Era Jueves Santo cuando llego al pueblo. Al bajarse del colectivo, se topo con una fila interminable de gente que le seguía caminando a un féretro negro, adornado con rosas y orquídeas blancas de seda, igual a las flores que el a veces descargo de los camiones en medio de la noche.  Entre las personas el llego a reconocer a algunas y quiso saludar, pero los ojos llorosos con sus miradas de reproche silenciaron su boca. Intrigado le pregunto a un chico que vendía golosinas en la parada del micro.
“Murió la vieja Apolonia de la Villa”, contesto el muchachito, limpiándose los mocos con el dorso de la mano porque estaba tremendamente resfriado. “La viejita murió ayer, después de ver las noticias en la tele de su hijo José.
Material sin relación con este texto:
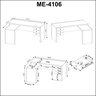 Mesa para Escritório em L com 3 Gavetas Me4106  - 4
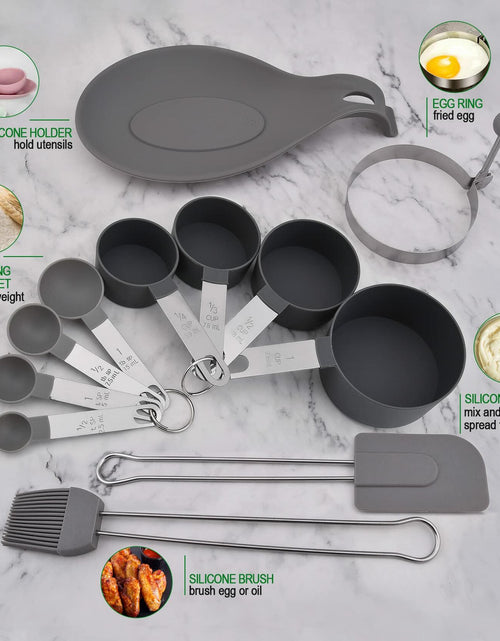 Load image into Gallery viewer, StnKitchExplor Stainless Steel Utensil Set 28 Pcs Cooking Tools Silver Holder
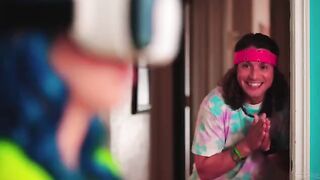 Sexual girl plays on a toy before the guy, showcasing her skills in role play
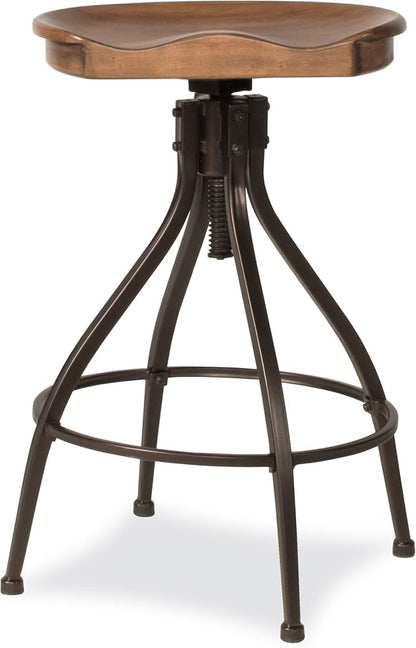 Hillsdale Worland Backless Metal Adjustable Height Stool with Wood Saddle Seat, Set of 2, Brown
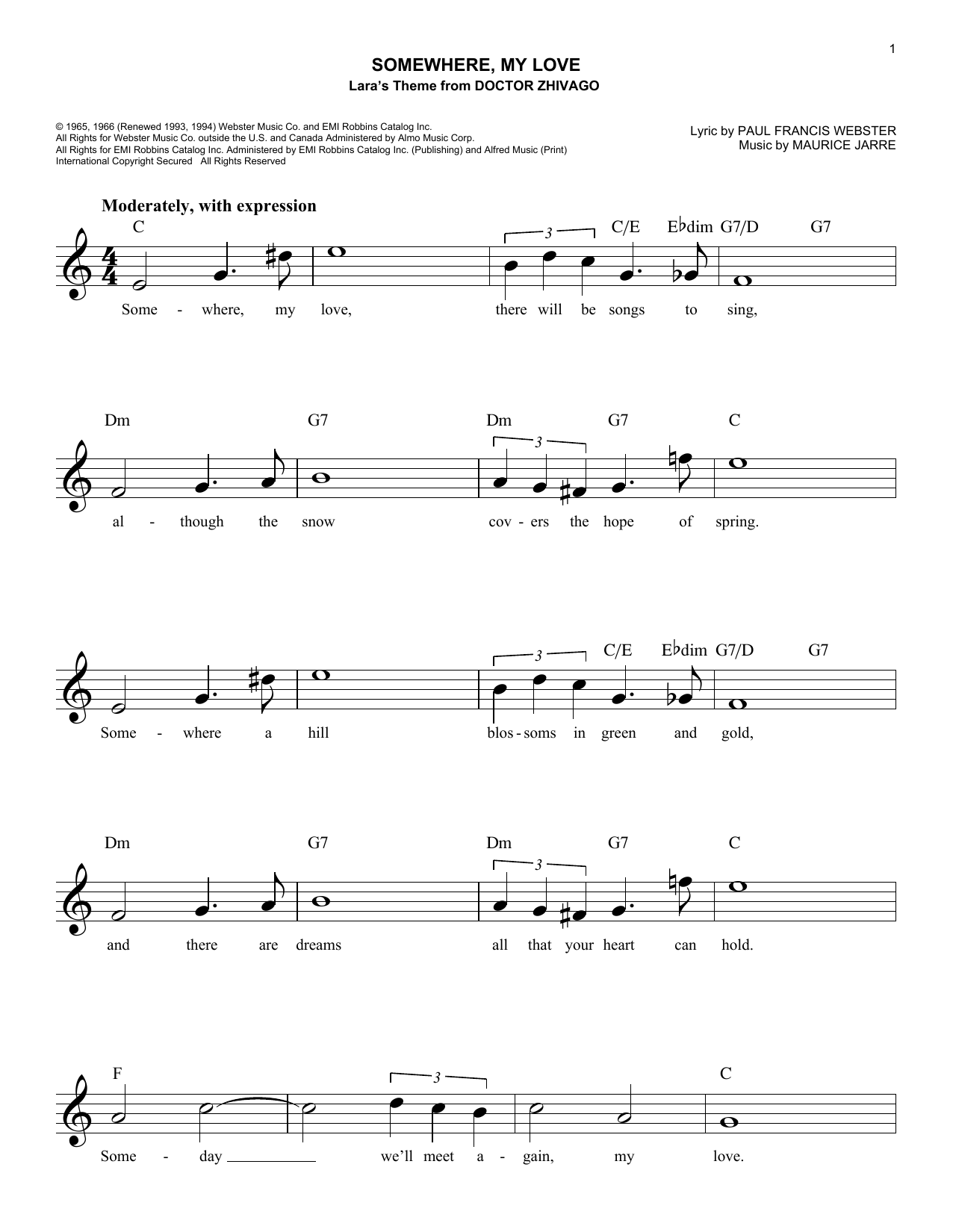 Download Paul Francis Webster Somewhere, My Love Sheet Music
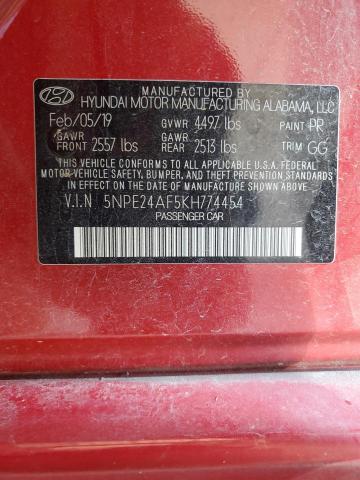 5NPE24AF5KH774454 - 2019 HYUNDAI SONATA SE RED photo 12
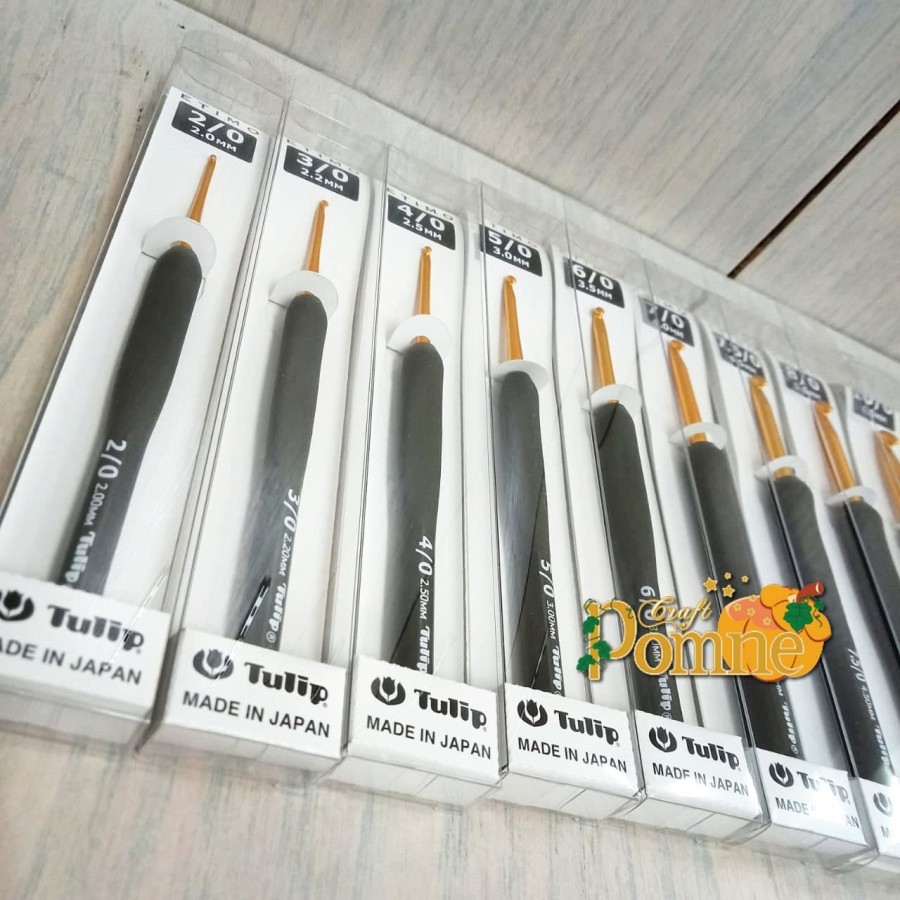 TULIP ETIMO GREY GOLD (satuan) PREMIUM CROCHET HOOK MADE IN JAPAN / Jarum Rajut Hakpen Tulip Etimo Abu / Crochet Hook Tulip Grey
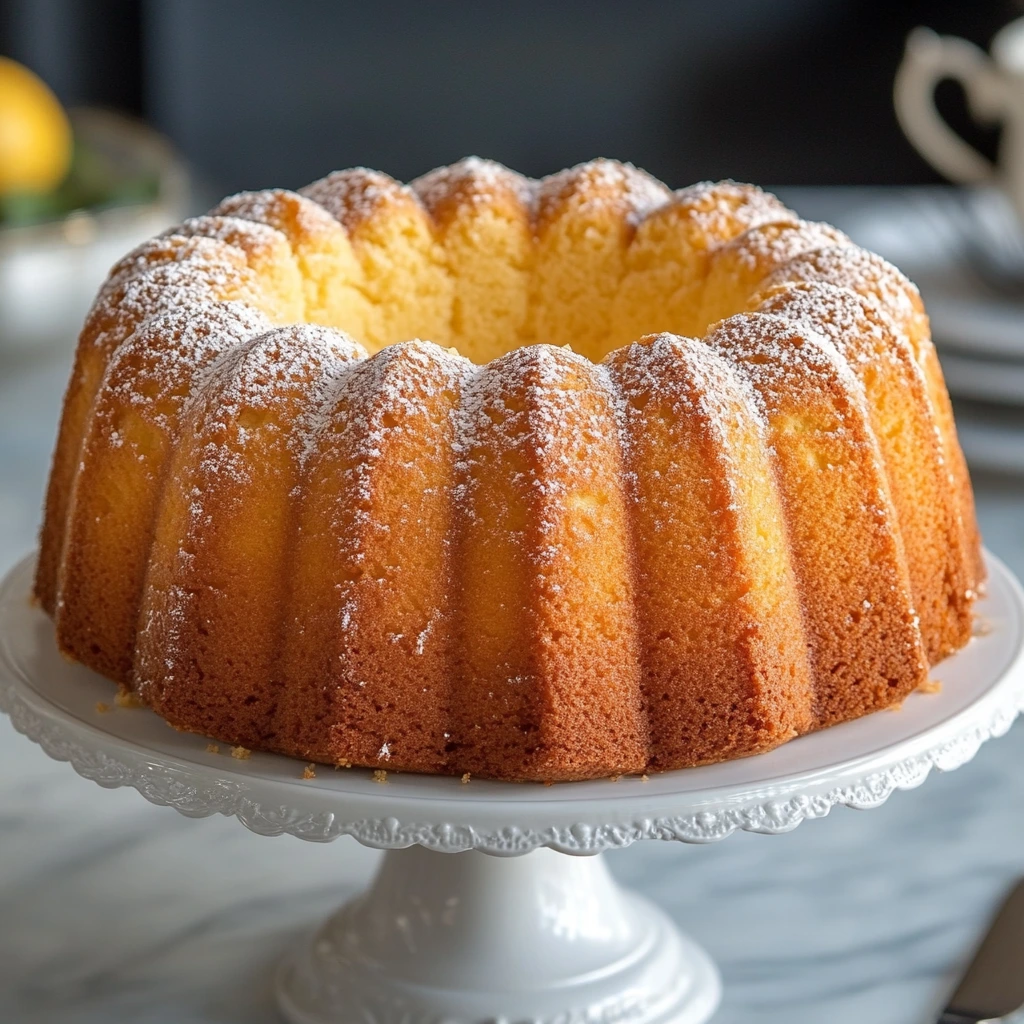 A classic golden pound cake with a light, fluffy texture, beautifully dusted with powdered sugar and served on an elegant white cake stand.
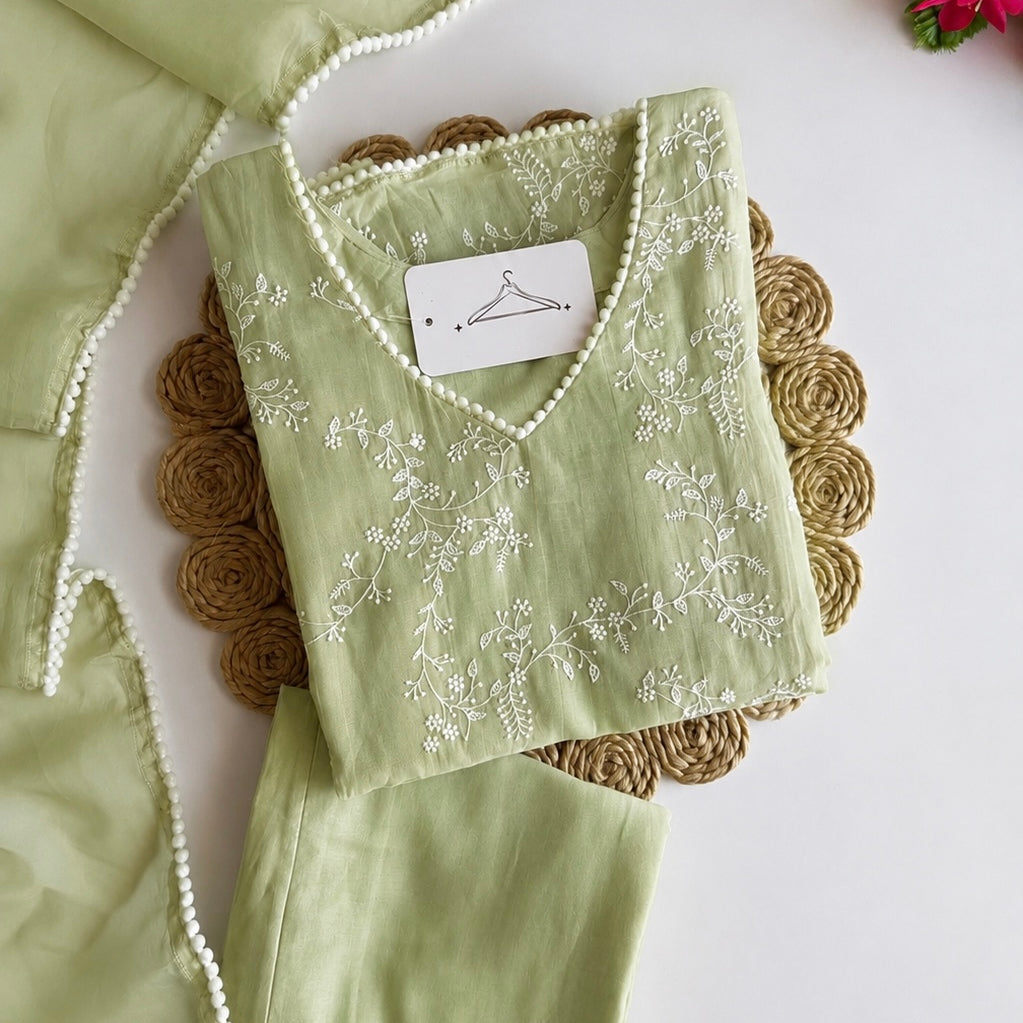 “Elina” Mint Green Crushed Chanderi A Line Suit set 🛍️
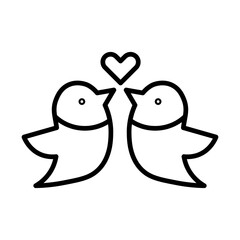 Two Birds in Love with Heart, Isolated on White Background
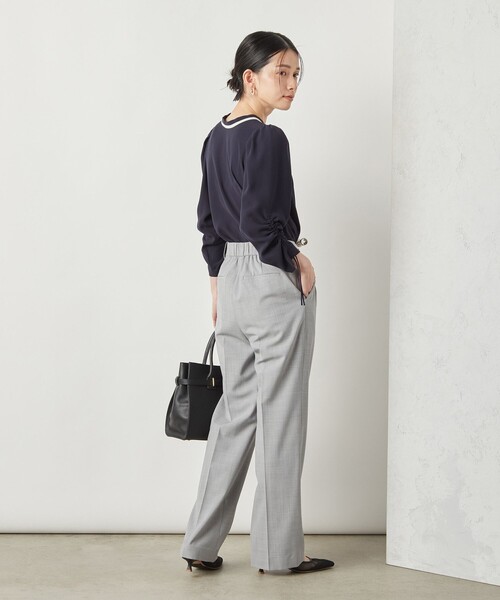 NOLLEY’S Sophi（ノーリーズソフィ）の「《セットアップ対応》ウォッシャブルトロセミワイドパンツ（その他パンツ・レディース・ライトグレー/ブラック・36/38）」の18枚目の写真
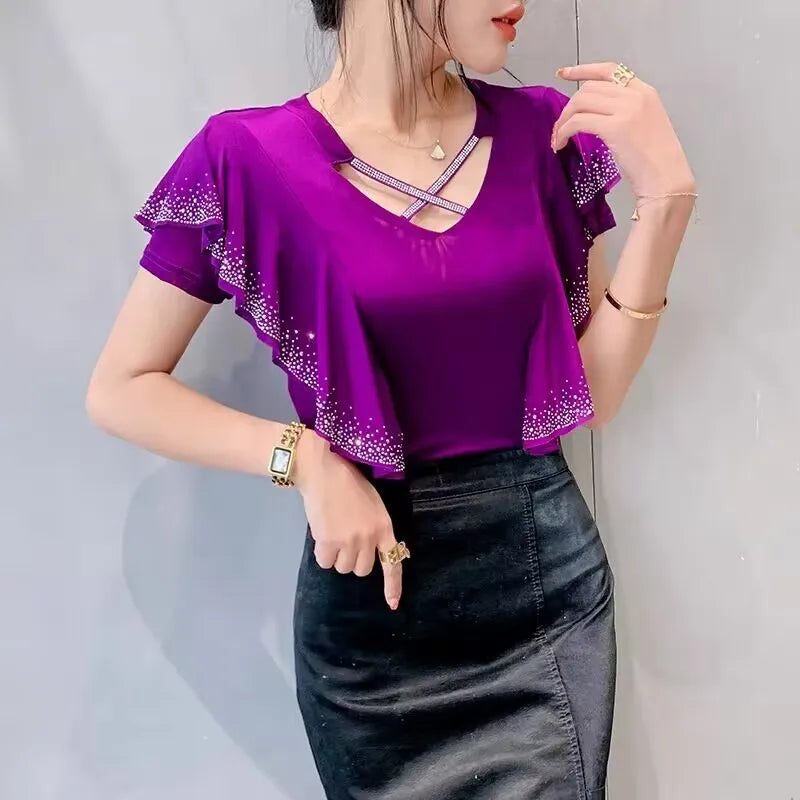 High Quality Summer Women's T-Shirt Fashion Casual V-NeckHollow Out Hot Diamonds Tees Female Ruffled Short Sleeved Mesh Tops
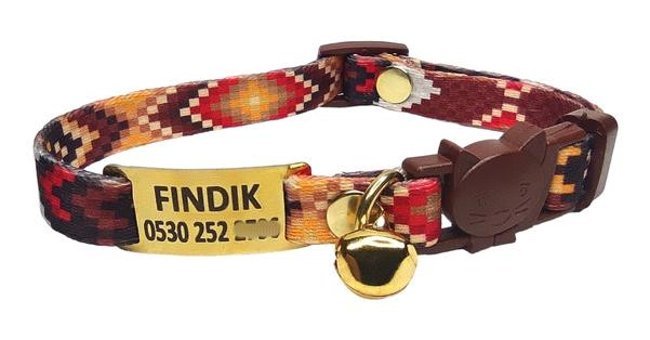 Ayz Markalama Bandana Kahverengi Gezdirme Boyun Kedi Tasması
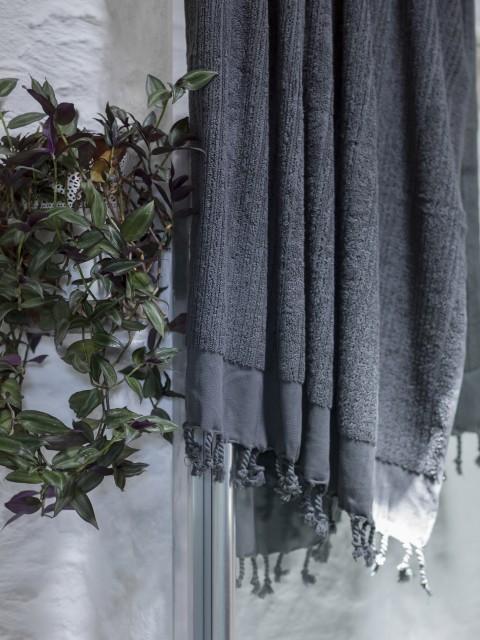 Dark Grey Ottoman Terry Bath Towel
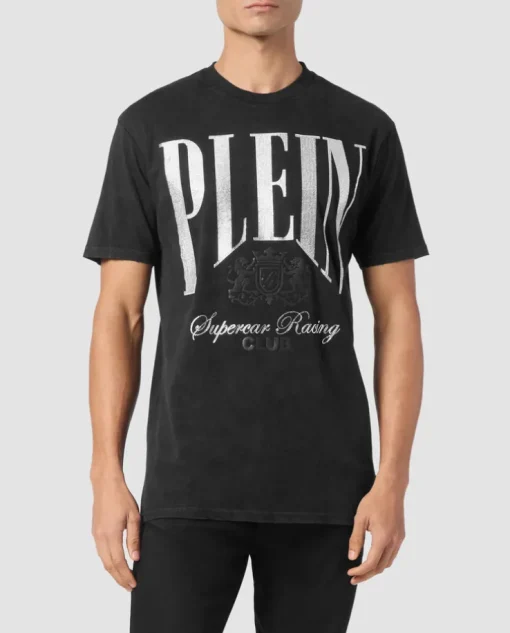 Czarny t-shirt z okrągłym dekoltem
No se bien lo que paso, pero dicen que ella reconoció a otro hijo suyo que vivía en la frontera y ahora lo busca la policía porque dicen que robo muchas cosas.” El chico quería seguir contando, orgulloso de poder informarle al extraño, pero ya Martín no lo escuchaba. Agarrando un atajo que conocía desde niño, cruzo casi corriendo el campo y llego exhausto a la casita donde el y la madre vivieron los últimos años. En el umbral de la puerta lo esperaban los hombres uniformados y los paquetes que Martín llevaba en las manos se cayeron al suelo. La vista se le nublo de lágrimas y cayo sobre rodillas. Allí, en el suelo, medio cubierto de polvo y arena, estaba tirado el rosario de su madre, el rosario de marfil y el lo agarro con las dos manos, como queriendo encontrar en esa reliquia amparo y consuelo. Cuando le esposaron los policías, de sus dedos entrelazados colgaba el crucifijo y el metal frío rozo sus dedos.
La ciudad amaneció con el bullicio de siempre. Una fina llovizna caía en blancos velos y difusamente se veían las siluetas de los edificios en la pálida luz de la madrugada. Martín se despertó lentamente; todo el cuerpo le dolía de frío y humedad. Uno de los perros dormía acurrucado a su lado, encima del banco de hormigón y la hebilla de su viejo collar le raspaba la muñeca.